FTR Trucking Conditions Index Sees Sequential Improvements
The new edition of the Trucking Conditions Index, which was recently released by freight transportation consultancy FTR, saw some sequential improvements while remaining in negative territory.
According to FTR, a TCI reading above zero represents an adequate trucking environment, with readings above 10 indicating that volumes, prices, and margin are in a good range for carriers.
For July, the most recent month for which data is available, the TCI reading was -5.34, faring better than June’s -6.29, the lowest TCI reading going back to November 2022. May came in at May’s -3.75 reading. The April TCI reading was -3.88, faring better than March’s -5.83, which came on the heels of February’s -5.17 reading. This was preceded by January’s -1.71 reading, which came on the heels of December’s -6.1 and November’s -7.94. That was preceded by October’s -11.25, its lowest level since the April 2020 all-time low, at -28.66.
FTR said that July’s improvement over June was paced by improved freight volume and capacity utilization offsetting weaker freight rates and higher fuel costs. The firm added that carriers continue to face challenging market conditions, and surging fuel prices in August and September, which will send the TCI further down in the near term. Aside from fuel cost volatility, the outlook for trucking conditions is little changed with only gradual improvement toward neutral readings by the third quarter of 2024.

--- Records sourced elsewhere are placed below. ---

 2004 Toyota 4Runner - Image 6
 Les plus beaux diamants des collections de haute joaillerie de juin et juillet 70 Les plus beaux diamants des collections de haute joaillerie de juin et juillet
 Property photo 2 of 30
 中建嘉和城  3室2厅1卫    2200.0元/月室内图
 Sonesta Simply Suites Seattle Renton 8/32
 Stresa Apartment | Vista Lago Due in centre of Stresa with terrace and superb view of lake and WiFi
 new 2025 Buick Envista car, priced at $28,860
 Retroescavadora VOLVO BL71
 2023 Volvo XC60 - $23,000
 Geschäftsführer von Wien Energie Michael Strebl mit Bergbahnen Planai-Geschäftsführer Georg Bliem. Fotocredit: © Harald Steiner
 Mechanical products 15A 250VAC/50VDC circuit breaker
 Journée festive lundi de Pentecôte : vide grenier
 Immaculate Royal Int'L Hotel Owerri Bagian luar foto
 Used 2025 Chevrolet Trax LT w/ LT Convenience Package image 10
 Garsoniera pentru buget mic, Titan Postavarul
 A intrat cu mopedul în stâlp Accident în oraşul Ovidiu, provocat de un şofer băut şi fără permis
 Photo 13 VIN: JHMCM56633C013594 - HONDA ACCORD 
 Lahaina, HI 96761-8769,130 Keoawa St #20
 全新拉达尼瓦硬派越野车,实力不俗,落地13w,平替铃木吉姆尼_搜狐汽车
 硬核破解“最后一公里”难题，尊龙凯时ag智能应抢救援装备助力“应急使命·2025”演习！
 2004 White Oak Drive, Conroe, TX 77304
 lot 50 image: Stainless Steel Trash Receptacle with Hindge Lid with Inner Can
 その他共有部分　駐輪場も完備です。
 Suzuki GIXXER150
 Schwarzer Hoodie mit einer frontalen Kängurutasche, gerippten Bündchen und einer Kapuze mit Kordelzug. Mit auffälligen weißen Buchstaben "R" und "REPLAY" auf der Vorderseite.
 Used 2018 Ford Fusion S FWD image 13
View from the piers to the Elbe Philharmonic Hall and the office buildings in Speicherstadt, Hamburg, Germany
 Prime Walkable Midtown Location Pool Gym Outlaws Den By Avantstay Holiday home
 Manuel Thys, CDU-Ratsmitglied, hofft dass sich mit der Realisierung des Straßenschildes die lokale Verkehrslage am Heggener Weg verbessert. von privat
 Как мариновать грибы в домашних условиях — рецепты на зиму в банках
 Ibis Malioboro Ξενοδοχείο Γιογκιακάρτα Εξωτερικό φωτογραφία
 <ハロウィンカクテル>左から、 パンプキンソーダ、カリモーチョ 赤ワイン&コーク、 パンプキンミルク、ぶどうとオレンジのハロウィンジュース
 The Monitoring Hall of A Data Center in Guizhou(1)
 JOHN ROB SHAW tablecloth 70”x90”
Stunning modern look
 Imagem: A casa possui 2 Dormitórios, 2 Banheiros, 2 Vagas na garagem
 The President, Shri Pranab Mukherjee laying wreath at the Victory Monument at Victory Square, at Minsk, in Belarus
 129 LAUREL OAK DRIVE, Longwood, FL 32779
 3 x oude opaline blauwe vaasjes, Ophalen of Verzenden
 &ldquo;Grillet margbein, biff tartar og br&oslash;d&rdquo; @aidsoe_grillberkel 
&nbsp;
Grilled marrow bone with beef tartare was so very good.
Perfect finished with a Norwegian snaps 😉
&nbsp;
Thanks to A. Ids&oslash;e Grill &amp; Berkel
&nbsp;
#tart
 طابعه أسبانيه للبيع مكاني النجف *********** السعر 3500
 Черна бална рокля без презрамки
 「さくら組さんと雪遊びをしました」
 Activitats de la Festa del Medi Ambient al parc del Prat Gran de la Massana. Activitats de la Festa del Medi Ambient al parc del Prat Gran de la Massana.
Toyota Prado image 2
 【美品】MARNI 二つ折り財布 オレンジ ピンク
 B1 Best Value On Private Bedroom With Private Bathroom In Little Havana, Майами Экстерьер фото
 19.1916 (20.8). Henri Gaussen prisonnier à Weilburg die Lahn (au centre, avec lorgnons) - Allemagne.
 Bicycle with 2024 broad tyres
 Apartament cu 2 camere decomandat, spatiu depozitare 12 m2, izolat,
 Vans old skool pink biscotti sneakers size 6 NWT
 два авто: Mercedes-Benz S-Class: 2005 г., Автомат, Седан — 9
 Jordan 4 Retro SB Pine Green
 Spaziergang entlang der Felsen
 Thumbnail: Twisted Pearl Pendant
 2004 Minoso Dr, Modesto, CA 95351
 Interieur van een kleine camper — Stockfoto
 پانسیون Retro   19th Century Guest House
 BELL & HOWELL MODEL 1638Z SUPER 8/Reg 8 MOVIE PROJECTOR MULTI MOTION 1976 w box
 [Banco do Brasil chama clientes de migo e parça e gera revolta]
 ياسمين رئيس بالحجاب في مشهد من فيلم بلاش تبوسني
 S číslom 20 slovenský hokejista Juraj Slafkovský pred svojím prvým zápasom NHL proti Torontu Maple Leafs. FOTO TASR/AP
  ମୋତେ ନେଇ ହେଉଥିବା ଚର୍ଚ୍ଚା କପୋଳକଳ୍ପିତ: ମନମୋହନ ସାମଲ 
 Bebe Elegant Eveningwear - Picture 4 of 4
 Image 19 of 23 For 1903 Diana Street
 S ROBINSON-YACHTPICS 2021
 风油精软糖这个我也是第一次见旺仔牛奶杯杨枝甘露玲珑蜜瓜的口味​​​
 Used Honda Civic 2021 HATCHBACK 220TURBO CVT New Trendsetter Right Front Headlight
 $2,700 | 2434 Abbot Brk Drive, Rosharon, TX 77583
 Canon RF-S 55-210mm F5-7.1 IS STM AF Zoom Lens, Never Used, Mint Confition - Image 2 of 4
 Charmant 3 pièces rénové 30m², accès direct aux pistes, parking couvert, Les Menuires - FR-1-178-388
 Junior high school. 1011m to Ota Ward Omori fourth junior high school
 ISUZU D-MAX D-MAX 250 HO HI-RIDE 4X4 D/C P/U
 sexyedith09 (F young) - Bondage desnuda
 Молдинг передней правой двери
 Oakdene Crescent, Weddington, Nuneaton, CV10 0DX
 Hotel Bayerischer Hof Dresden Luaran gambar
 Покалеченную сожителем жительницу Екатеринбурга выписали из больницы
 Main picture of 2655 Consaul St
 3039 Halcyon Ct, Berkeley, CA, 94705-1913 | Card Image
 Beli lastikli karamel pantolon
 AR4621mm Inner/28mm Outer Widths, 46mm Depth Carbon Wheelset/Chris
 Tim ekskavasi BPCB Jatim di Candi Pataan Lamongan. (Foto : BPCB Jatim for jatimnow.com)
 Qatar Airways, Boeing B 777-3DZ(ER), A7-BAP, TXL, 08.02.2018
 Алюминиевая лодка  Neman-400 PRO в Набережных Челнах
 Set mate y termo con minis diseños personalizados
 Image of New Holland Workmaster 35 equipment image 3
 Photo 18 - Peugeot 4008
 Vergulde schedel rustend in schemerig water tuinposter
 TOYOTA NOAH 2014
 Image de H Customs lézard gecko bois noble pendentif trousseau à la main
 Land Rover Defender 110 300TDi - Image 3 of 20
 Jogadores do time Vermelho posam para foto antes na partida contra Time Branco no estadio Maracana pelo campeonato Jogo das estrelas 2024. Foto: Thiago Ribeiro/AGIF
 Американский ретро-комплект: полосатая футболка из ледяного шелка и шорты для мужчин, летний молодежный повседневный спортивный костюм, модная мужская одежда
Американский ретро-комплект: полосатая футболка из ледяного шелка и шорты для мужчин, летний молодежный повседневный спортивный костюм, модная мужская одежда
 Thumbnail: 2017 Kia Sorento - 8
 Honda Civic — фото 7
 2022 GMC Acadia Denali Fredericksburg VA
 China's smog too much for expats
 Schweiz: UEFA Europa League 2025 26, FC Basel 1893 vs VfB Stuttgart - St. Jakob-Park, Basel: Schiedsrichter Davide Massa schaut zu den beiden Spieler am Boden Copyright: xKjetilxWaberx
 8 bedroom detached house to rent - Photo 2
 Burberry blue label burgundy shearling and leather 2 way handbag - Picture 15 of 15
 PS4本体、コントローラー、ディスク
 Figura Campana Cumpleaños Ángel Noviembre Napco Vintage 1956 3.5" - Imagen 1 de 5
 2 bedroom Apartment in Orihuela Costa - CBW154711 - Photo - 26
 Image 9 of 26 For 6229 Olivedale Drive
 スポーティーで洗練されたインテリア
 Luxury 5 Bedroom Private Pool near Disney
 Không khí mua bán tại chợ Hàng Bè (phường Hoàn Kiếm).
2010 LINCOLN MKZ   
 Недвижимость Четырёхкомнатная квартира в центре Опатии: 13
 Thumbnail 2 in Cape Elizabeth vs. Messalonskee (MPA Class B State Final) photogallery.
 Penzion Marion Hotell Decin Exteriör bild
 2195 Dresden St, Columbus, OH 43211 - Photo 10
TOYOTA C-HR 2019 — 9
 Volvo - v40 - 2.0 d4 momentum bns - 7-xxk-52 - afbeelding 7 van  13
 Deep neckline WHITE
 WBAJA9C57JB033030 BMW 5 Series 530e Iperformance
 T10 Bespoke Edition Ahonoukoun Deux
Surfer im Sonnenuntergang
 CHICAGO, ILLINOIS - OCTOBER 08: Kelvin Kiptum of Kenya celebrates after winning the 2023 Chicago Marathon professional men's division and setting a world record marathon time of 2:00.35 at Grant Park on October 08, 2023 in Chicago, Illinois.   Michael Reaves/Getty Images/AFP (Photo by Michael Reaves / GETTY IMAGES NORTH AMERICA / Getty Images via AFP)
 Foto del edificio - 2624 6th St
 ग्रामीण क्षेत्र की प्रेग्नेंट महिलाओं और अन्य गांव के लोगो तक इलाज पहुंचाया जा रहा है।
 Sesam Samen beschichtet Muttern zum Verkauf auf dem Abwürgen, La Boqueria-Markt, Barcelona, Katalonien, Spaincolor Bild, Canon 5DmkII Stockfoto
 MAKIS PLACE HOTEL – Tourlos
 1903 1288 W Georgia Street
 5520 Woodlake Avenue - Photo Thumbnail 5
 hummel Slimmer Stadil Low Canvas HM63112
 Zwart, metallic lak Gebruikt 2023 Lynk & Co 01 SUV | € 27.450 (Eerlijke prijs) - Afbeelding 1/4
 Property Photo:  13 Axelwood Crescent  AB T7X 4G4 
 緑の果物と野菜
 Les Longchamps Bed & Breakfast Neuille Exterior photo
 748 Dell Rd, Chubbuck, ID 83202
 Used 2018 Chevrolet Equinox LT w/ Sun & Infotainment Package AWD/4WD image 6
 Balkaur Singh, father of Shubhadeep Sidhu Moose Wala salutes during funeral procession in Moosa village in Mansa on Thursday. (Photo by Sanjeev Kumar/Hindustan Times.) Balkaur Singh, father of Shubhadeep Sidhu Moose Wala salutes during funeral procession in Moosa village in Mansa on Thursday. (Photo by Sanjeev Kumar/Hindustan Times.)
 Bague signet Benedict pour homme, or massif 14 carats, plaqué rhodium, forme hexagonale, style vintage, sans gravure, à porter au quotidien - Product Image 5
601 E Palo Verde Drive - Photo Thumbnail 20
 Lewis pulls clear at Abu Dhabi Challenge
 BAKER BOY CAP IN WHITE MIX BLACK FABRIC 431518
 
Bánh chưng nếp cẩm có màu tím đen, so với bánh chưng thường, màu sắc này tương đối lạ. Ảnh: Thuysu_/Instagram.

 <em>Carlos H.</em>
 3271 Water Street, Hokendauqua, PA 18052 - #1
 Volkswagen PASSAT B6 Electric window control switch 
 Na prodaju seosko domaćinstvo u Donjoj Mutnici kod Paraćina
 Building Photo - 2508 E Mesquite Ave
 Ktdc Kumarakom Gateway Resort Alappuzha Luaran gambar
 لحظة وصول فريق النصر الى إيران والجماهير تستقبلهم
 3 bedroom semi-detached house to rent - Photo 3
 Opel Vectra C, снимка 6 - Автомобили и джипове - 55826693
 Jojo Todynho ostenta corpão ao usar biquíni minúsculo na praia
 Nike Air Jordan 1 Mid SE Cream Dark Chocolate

“The overall truck freight market remains unfavorable for trucking companies, but the financial situation for smaller carriers, in particular, is tightening due to surging diesel prices,” said Avery Vise, FTR vice president of trucking, in a statement. “Large numbers of small operations are exiting the market, and that exodus could accelerate if diesel prices continue to rise sharply. So far, the data suggests that larger carriers have absorbed much of that driver capacity, but truckload carriers are approaching a saturation point due to sluggish freight demand. Declining driver capacity could tighten the market modestly, but significant improvement for carriers will require stronger volume as well.”